Provided information:
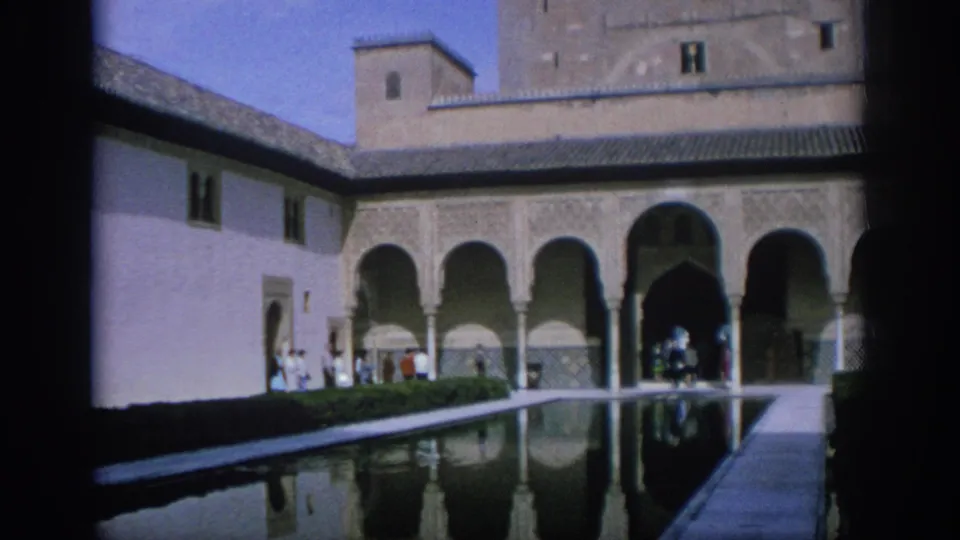 Wide 1966 Spain travel frame showing a historic courtyard, long reflecting pool, arched facade, white side wall, and visitors near the arcade.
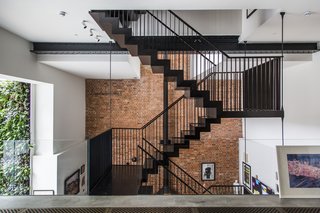 Built in the late 19th century, a former cooperage where barrels were manufactured for a local brewery now holds a bright, contemporary home that is available to rent. Entering the apartment from the street level, guests meet a dramatic, three-story atrium and a feature staircase. A glass balustrade heightens the effect. 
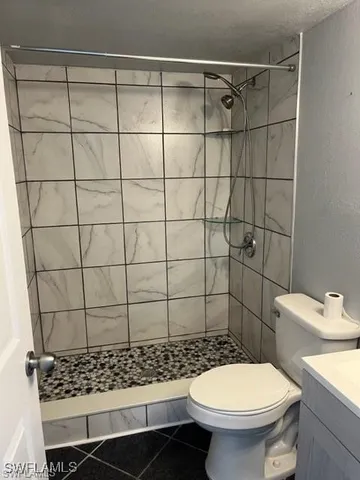 a bathroom with a toilet and a shower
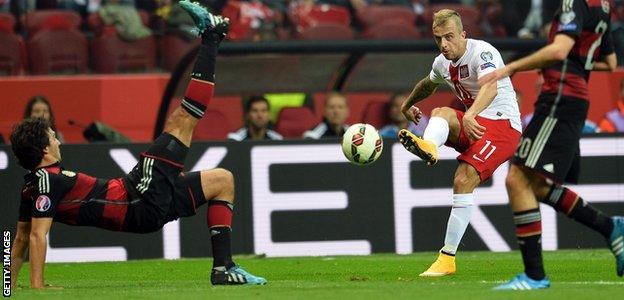 Poland's midfielder Kamil Grosicki shoots past Germany's Mats Hummels and Christoph Kramer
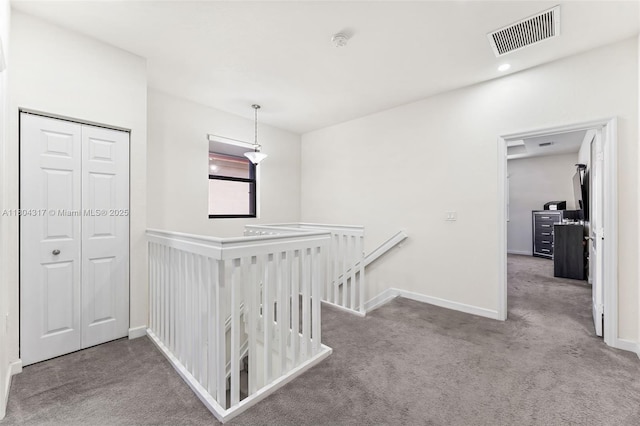 3531 W 104th Ter, Hialeah, FL 33018 - hall with an upstairs landing, carpet floors, and baseboards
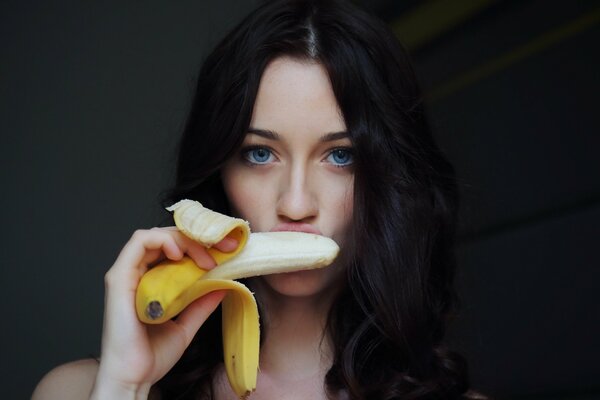 Niebieskooka piękna brunetka zjada banana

Problem description: Your answer should be the lines from the first record down to the line containing "a bathroom with a toilet and a shower", restated exactly, with no pictures.

Answer for the task:
 Wide 1966 Spain travel frame showing a historic courtyard, long reflecting pool, arched facade, white side wall, and visitors near the arcade.
 Built in the late 19th century, a former cooperage where barrels were manufactured for a local brewery now holds a bright, contemporary home that is available to rent. Entering the apartment from the street level, guests meet a dramatic, three-story atrium and a feature staircase. A glass balustrade heightens the effect. 
 a bathroom with a toilet and a shower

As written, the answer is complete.